L’un des marqueurs les plus caractéristiques de ce cinéma réside dans son rythme particulier : c'est par un jeu subtil de répétitions et de variations que l’histoire nous entraîne. On est d’emblée pris dans l’étau d’un dispositif fondamentalement kiarostamien, dit de la voiture-cinéma, qui retrouve ici une force quasiment hypnotique. Il y a réellement des moments où le véhicule agit sur le spectateur comme sur les passants du début, à la manière d’un aimant où vient bêtement se coller le regard. Badii roule dans les plis et replis des grandes dunes de terre, arpente sans arrêt la même route tortueuse, passe et repasse sur la même colline, devant le même arbre, suit un tracé commun à chaque nouvelle déclinaison de la situation.
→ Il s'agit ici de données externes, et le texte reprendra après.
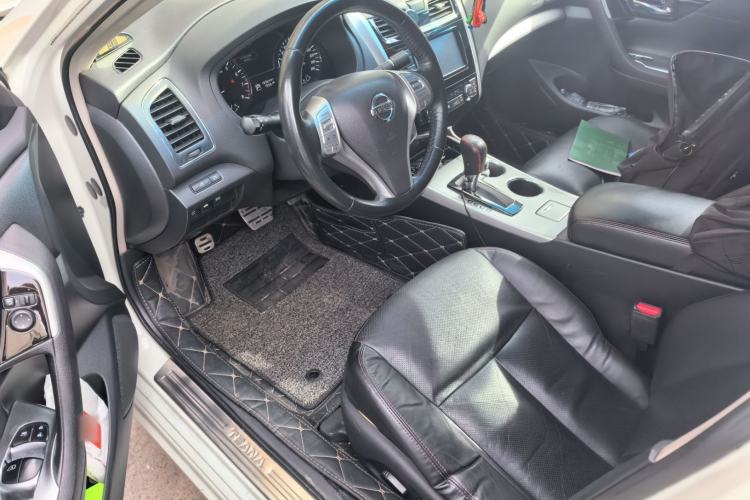 Used Nissan Teana 2016 Revised Version 2.0L XL Comfort Edition Driver Seat
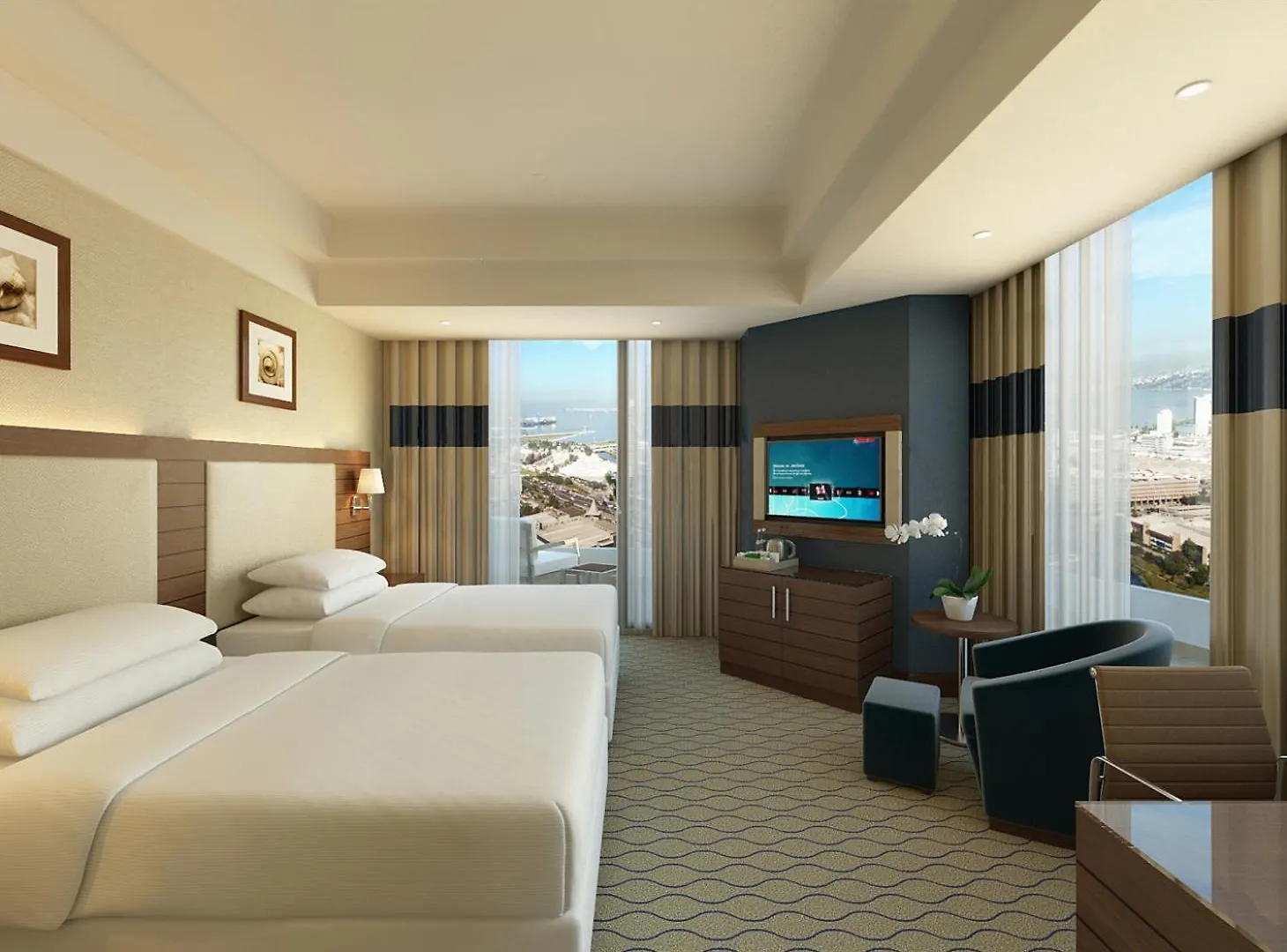 Four Points By Sheraton Esmirna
Et le film invite peu à peu, à force de réitération, à changer notre perception des choses. Son principe tient quasiment de la berceuse : il est à la fois très simple et très complexe, et fait du récit un bloc par la ténuité de la fiction, la clôture du système, le jeu très serré des champs-contrechamps et, plus largement, la densité presque américaine du découpage. Mais ce bloc se fissure de toutes parts à la seule force de décisions arbitraires, sans qu’il y ait entre elles le moindre effort de liaison. En impliquant ainsi le spectateur dans ce qu’il voit, en l’invitant à creuser ce qui, a priori seulement, semble n’être fait que d’une simple surface, Kiarostami invente comme une pédagogie du regard. La même méthode ricoche dans le discours des gens rencontrés par Badii. Le taxidermiste tâche ainsi de lui redonner l’appétit pour l'existence en lui en vantant les bienfaits, en premier lieu la saveur des fruits. Mais le désespoir sans fond qui ronge le film est plus fort que ce panégyrique épicurien. Même si le récit ne tranche pas, qu’il emmène au seuil de la décision du personnage sans en dire davantage de ce qu'il se passera, tout le film travaille à rendre tangible qu'il y a finalement davantage de raisons de tout arrêter que de continuer à vivre.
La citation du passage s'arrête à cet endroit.